• **Problem to solve**: Only one stretch of the records below should be repeated. It starts with the line containing "Jason Calacanis Quotes: In" and goes on through the line containing "Explorations Coloniales Au", exactly as written.

• **Records to process**:
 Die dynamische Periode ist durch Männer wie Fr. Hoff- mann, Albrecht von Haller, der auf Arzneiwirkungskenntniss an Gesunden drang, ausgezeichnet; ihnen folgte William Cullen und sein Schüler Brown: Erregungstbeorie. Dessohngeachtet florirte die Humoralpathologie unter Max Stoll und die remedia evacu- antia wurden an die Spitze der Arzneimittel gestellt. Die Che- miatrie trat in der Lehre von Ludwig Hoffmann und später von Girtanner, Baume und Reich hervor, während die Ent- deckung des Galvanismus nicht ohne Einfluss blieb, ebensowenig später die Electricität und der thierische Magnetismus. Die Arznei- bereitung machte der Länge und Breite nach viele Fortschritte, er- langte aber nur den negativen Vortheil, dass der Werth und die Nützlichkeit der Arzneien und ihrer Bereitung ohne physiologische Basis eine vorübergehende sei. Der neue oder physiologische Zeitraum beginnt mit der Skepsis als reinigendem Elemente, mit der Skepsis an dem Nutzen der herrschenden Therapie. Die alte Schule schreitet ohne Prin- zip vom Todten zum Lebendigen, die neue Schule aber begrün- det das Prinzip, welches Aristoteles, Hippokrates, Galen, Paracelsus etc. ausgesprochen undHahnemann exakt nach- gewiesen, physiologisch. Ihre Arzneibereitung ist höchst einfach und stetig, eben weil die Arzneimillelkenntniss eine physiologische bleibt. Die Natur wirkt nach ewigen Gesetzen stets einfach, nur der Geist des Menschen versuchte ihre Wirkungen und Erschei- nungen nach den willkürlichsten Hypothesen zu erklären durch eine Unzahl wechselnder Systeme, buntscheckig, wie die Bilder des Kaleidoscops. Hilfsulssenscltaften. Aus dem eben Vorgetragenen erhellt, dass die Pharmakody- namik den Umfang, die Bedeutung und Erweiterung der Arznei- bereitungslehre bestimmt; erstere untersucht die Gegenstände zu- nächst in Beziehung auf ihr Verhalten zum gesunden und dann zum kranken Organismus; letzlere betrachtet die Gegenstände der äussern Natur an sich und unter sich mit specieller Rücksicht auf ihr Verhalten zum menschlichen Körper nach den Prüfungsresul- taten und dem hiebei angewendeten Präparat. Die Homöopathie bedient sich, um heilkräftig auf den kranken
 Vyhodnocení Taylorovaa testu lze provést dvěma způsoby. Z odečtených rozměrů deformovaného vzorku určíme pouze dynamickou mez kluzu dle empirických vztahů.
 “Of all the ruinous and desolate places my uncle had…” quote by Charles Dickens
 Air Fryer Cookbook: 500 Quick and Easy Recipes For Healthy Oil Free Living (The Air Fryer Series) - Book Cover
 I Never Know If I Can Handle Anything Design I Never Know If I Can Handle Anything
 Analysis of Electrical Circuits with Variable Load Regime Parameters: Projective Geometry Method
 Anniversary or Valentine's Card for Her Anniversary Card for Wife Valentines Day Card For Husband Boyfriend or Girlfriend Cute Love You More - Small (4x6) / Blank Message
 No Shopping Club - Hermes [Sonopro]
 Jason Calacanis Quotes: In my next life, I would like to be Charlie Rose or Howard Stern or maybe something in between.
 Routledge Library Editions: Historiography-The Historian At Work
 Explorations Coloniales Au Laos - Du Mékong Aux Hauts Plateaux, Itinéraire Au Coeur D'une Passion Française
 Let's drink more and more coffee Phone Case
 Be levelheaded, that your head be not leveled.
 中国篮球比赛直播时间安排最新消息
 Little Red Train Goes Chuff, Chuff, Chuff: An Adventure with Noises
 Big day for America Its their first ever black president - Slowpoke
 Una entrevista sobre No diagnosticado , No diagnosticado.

• **Solved exercise**:
 Jason Calacanis Quotes: In my next life, I would like to be Charlie Rose or Howard Stern or maybe something in between.
 Routledge Library Editions: Historiography-The Historian At Work
 Explorations Coloniales Au Laos - Du Mékong Aux Hauts Plateaux, Itinéraire Au Coeur D'une Passion Française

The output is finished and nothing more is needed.